→ **WHAT TO WORK ON**:
Transcribe the full listing so that each line reads as it does in the original.

→ **INPUT DATA**:

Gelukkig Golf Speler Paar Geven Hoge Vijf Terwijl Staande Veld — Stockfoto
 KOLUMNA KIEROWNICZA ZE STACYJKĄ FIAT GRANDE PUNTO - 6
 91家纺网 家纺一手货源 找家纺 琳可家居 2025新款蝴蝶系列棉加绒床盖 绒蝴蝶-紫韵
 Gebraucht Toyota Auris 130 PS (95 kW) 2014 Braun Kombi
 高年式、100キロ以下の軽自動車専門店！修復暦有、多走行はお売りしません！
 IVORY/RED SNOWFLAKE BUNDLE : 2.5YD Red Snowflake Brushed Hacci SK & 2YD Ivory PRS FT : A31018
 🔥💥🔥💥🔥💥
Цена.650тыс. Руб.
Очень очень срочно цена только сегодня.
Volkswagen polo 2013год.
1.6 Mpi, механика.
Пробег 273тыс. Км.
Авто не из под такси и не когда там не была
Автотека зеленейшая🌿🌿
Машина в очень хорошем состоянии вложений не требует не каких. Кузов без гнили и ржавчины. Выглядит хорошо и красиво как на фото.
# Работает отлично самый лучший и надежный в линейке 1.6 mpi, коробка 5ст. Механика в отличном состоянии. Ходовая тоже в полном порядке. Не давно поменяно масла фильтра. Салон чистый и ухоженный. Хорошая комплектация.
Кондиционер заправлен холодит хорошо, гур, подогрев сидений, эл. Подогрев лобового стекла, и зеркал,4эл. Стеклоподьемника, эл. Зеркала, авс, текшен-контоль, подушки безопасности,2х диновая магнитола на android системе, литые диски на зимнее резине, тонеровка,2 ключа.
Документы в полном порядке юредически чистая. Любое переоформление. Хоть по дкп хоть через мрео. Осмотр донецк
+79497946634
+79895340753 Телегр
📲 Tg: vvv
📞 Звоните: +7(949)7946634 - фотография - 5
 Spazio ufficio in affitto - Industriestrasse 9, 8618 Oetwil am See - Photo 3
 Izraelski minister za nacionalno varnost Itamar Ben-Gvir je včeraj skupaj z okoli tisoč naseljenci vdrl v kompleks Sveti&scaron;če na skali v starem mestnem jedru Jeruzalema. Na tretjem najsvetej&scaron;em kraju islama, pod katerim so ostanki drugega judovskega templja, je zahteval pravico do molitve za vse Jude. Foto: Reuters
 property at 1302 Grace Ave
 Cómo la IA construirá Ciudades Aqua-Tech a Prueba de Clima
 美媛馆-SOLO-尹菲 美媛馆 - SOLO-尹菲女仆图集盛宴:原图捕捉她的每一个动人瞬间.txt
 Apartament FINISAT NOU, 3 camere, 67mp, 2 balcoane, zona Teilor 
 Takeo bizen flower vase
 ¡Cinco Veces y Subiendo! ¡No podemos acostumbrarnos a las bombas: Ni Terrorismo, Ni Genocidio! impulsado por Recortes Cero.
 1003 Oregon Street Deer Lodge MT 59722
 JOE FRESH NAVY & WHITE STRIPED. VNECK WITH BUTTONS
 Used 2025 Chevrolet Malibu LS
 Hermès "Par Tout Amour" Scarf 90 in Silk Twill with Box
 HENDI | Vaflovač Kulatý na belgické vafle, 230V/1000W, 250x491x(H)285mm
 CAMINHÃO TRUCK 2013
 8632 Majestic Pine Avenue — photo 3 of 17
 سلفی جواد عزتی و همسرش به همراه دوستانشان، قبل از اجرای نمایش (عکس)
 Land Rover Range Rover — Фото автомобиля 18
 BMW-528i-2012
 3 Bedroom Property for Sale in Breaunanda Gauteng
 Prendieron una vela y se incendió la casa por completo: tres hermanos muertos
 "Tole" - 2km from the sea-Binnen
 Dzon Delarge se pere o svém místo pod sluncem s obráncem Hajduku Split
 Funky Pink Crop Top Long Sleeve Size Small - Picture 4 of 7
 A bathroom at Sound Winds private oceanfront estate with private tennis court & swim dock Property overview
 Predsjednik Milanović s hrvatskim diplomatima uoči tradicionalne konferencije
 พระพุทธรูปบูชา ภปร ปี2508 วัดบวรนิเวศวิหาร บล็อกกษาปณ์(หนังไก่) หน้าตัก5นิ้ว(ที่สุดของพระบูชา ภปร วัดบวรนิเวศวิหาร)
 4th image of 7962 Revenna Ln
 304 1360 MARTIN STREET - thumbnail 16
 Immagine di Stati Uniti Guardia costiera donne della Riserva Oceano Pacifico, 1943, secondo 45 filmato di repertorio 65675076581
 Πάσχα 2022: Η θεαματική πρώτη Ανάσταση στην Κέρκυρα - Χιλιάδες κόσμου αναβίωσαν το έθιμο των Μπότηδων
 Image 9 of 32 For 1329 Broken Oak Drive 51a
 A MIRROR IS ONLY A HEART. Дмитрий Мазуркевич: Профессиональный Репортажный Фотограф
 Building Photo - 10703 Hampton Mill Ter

→ **REPLY TO THE TASK**:
Gelukkig Golf Speler Paar Geven Hoge Vijf Terwijl Staande Veld — Stockfoto
 KOLUMNA KIEROWNICZA ZE STACYJKĄ FIAT GRANDE PUNTO - 6
 91家纺网 家纺一手货源 找家纺 琳可家居 2025新款蝴蝶系列棉加绒床盖 绒蝴蝶-紫韵
 Gebraucht Toyota Auris 130 PS (95 kW) 2014 Braun Kombi
 高年式、100キロ以下の軽自動車専門店！修復暦有、多走行はお売りしません！
 IVORY/RED SNOWFLAKE BUNDLE : 2.5YD Red Snowflake Brushed Hacci SK & 2YD Ivory PRS FT : A31018
 🔥💥🔥💥🔥💥
Цена.650тыс. Руб.
Очень очень срочно цена только сегодня.
Volkswagen polo 2013год.
1.6 Mpi, механика.
Пробег 273тыс. Км.
Авто не из под такси и не когда там не была
Автотека зеленейшая🌿🌿
Машина в очень хорошем состоянии вложений не требует не каких. Кузов без гнили и ржавчины. Выглядит хорошо и красиво как на фото.
# Работает отлично самый лучший и надежный в линейке 1.6 mpi, коробка 5ст. Механика в отличном состоянии. Ходовая тоже в полном порядке. Не давно поменяно масла фильтра. Салон чистый и ухоженный. Хорошая комплектация.
Кондиционер заправлен холодит хорошо, гур, подогрев сидений, эл. Подогрев лобового стекла, и зеркал,4эл. Стеклоподьемника, эл. Зеркала, авс, текшен-контоль, подушки безопасности,2х диновая магнитола на android системе, литые диски на зимнее резине, тонеровка,2 ключа.
Документы в полном порядке юредически чистая. Любое переоформление. Хоть по дкп хоть через мрео. Осмотр донецк
+79497946634
+79895340753 Телегр
📲 Tg: vvv
📞 Звоните: +7(949)7946634 - фотография - 5
 Spazio ufficio in affitto - Industriestrasse 9, 8618 Oetwil am See - Photo 3
 Izraelski minister za nacionalno varnost Itamar Ben-Gvir je včeraj skupaj z okoli tisoč naseljenci vdrl v kompleks Sveti&scaron;če na skali v starem mestnem jedru Jeruzalema. Na tretjem najsvetej&scaron;em kraju islama, pod katerim so ostanki drugega judovskega templja, je zahteval pravico do molitve za vse Jude. Foto: Reuters
 property at 1302 Grace Ave
 Cómo la IA construirá Ciudades Aqua-Tech a Prueba de Clima
 美媛馆-SOLO-尹菲 美媛馆 - SOLO-尹菲女仆图集盛宴:原图捕捉她的每一个动人瞬间.txt
 Apartament FINISAT NOU, 3 camere, 67mp, 2 balcoane, zona Teilor 
 Takeo bizen flower vase
 ¡Cinco Veces y Subiendo! ¡No podemos acostumbrarnos a las bombas: Ni Terrorismo, Ni Genocidio! impulsado por Recortes Cero.
 1003 Oregon Street Deer Lodge MT 59722
 JOE FRESH NAVY & WHITE STRIPED. VNECK WITH BUTTONS
 Used 2025 Chevrolet Malibu LS
 Hermès "Par Tout Amour" Scarf 90 in Silk Twill with Box
 HENDI | Vaflovač Kulatý na belgické vafle, 230V/1000W, 250x491x(H)285mm
 CAMINHÃO TRUCK 2013
 8632 Majestic Pine Avenue — photo 3 of 17
 سلفی جواد عزتی و همسرش به همراه دوستانشان، قبل از اجرای نمایش (عکس)
 Land Rover Range Rover — Фото автомобиля 18
 BMW-528i-2012
 3 Bedroom Property for Sale in Breaunanda Gauteng
 Prendieron una vela y se incendió la casa por completo: tres hermanos muertos
 "Tole" - 2km from the sea-Binnen
 Dzon Delarge se pere o svém místo pod sluncem s obráncem Hajduku Split
 Funky Pink Crop Top Long Sleeve Size Small - Picture 4 of 7
 A bathroom at Sound Winds private oceanfront estate with private tennis court & swim dock Property overview
 Predsjednik Milanović s hrvatskim diplomatima uoči tradicionalne konferencije
 พระพุทธรูปบูชา ภปร ปี2508 วัดบวรนิเวศวิหาร บล็อกกษาปณ์(หนังไก่) หน้าตัก5นิ้ว(ที่สุดของพระบูชา ภปร วัดบวรนิเวศวิหาร)
 4th image of 7962 Revenna Ln
 304 1360 MARTIN STREET - thumbnail 16
 Immagine di Stati Uniti Guardia costiera donne della Riserva Oceano Pacifico, 1943, secondo 45 filmato di repertorio 65675076581
 Πάσχα 2022: Η θεαματική πρώτη Ανάσταση στην Κέρκυρα - Χιλιάδες κόσμου αναβίωσαν το έθιμο των Μπότηδων
 Image 9 of 32 For 1329 Broken Oak Drive 51a
 A MIRROR IS ONLY A HEART. Дмитрий Мазуркевич: Профессиональный Репортажный Фотограф
 Building Photo - 10703 Hampton Mill Ter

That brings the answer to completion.